What you need to know about Nutrition Pyramid
In 2005, USDA (United States Department of Agriculture) released a nutrition pyramid, known as the MyPyramid to provide dietary guidance to Americans. The nutrition pyramid provides the ideal mix of all food groups that make a healthy diet. The guidelines do not have to be followed strictly, but they provide a very good format on which to base your daily food choices.
An interesting part of the food pyramid is that in its latest version, along with its guidelines for healthy nutrition, it also shows a stick figure climbing stairs symbolizing the need to include physical exercise as part of a healthy diet to promote good health and well being. In fact, specific recommendations are provided as to what activities should be pursued by various groups like children, pregnant women, elderly, etc. Overall, it recommends at least half an hour of physical activity that requires moderate levels of exertion for adults and about an hour of such activity for children and teenagers. This activity should be pursued apart from all the usual activities in a person’s day to day life.

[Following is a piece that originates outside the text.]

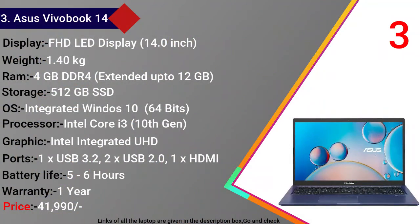Asus VivoBook 14 में आपको 14 इंच का Full HD LED डिस्प्ले देखने को मिल जाता है। इसका वजन 1.4 किलोग्राम है। इसमें 4 GB DDR4 RAM देखने को मिलती है जिसे आप 12 GB तक extend कर सकते हैं। Storage में 512 GB का SSD है। OS के तौर पर 64-bit integrated Windows 10 का सपोर्ट मिलता है और processor में Intel Core i3 10th Generation है।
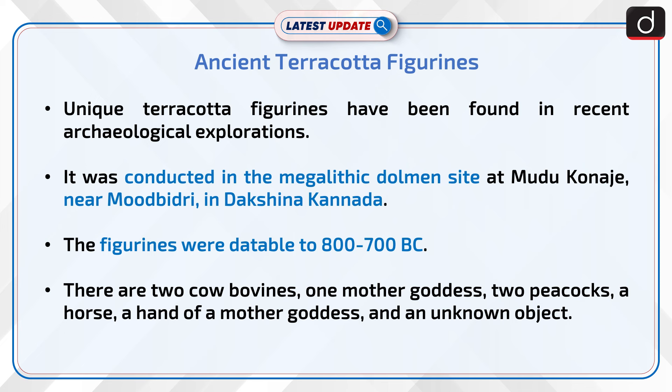The figurines include two cow bovines, one mother goddess, two peacocks, a horse, a hand of a mother goddess, and an unknown object.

According to the food pyramid, the following guidelines should be followed to ensure healthy nutrition:
Grains
The food pyramid recommends that at least 3 ounces of grains should be eaten per day. Half of this amount should be consumed in the form of ‘whole grain’ products. This includes rice, noodles, pasta, bread, cereal and crackers.
Vegetables
The food pyramid suggests that a fifth of your diet should be vegetables. It suggests that you eat more vegetables that are dark green in color as well as those that are orange. It also recommends high consumption of dried beans and peas. It also recommends that you vary your vegetables regularly.
Fruits
According to the pyramid, fruits should also form a major part of your diet. Choose different varieties of fruits. Any type of fruit, whether fresh, frozen, canned or dried works equally well. However, it recommends avoiding fruit juices.
Milk
You diet should definitely contain milk and other dairy products. It recommends using low fat or fat free milk and products made from them. However, if you are lactose intolerant, then you are advised to substitute milk with other calcium sources in your diet.
Meat & Beans
Meat is also an important part of a healthy diet because it provides a large amount of proteins required by the body. The food pyramid recommends eating low fat or lean meats. Poultry and fish are also highly recommended. The pyramid also advices that you should bake, broil or grill the meat. It is highly recommended that you vary your choices in meat on a regular basis. You are also recommended to have beans, peas, nuts and seeds are they are also a valuable source of proteins.
Oils
The pyramid recommends that you use fat products that come from fish, nuts and vegetable. It advises against using solid fats like margarine, butter and lard in your diet.